> THE PROBLEM
Note on the material below: return exactly the lines from the line that holds "Zigi Soho Blue" through the line that holds "Vista 4 de Trapeador", and leave out each picture.

> INPUT DATA
----
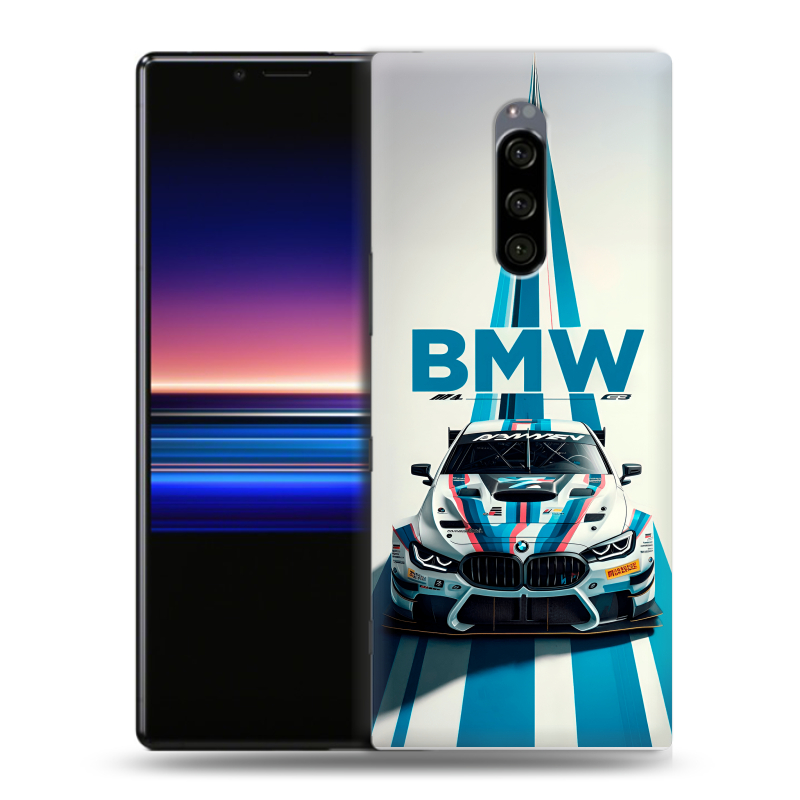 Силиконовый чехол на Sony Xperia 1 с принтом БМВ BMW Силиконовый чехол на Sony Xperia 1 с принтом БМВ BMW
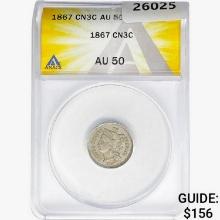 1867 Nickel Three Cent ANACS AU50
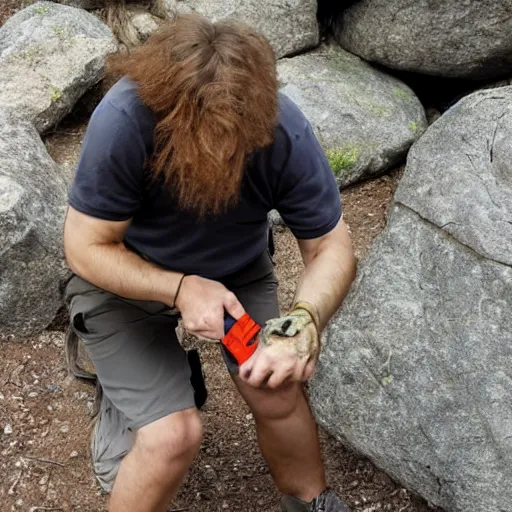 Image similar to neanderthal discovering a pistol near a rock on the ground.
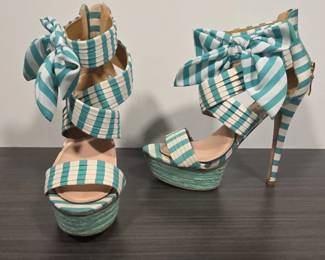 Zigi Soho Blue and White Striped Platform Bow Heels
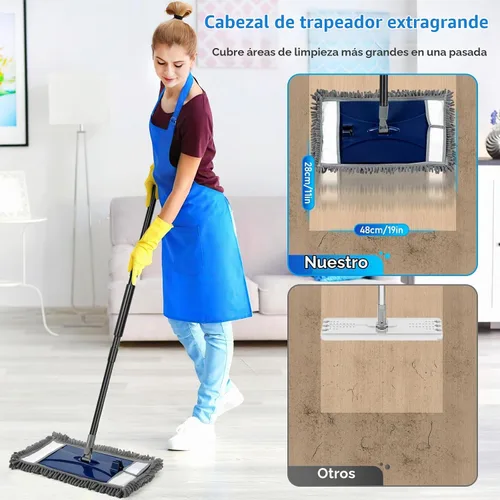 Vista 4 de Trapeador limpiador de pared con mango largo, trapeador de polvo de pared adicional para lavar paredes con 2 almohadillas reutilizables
----
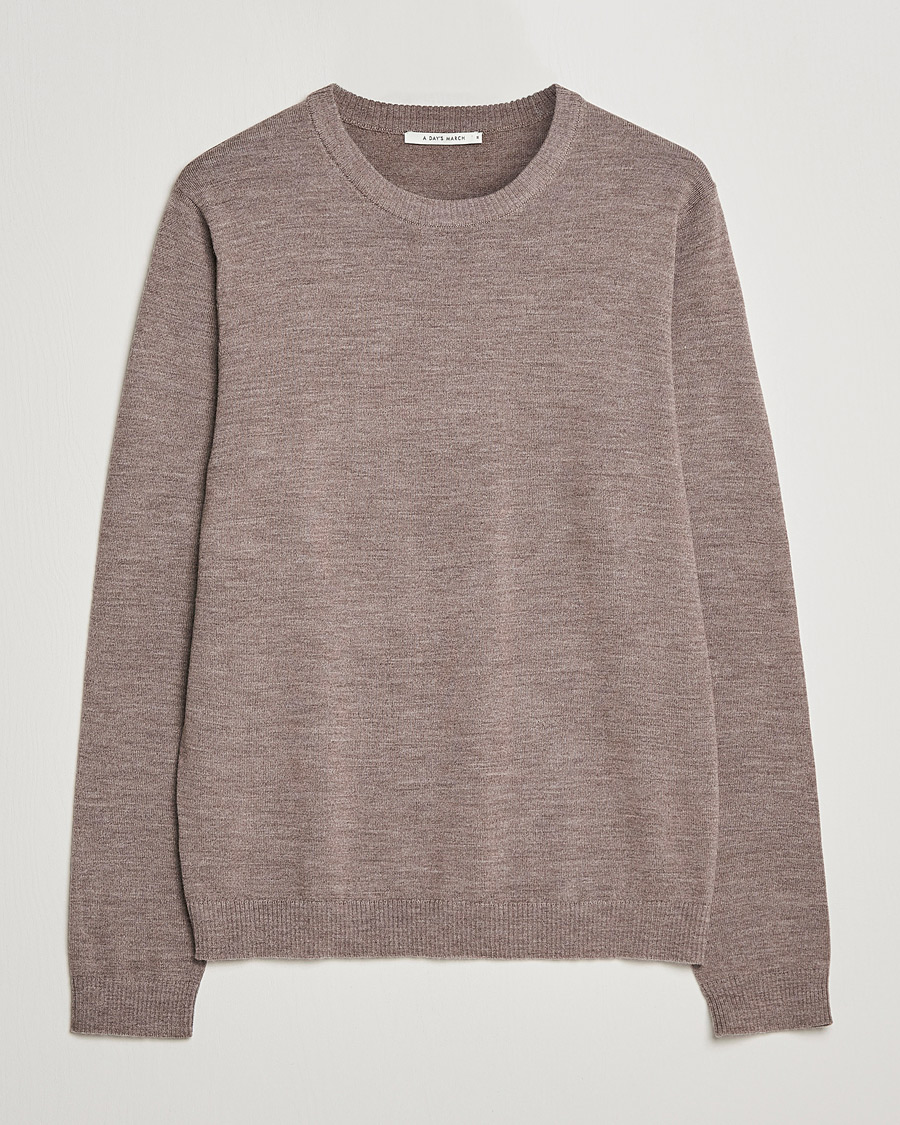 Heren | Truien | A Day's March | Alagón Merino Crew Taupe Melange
----
> RESPONSE TO THE TASK
 Zigi Soho Blue and White Striped Platform Bow Heels
 Vista 4 de Trapeador limpiador de pared con mango largo, trapeador de polvo de pared adicional para lavar paredes con 2 almohadillas reutilizables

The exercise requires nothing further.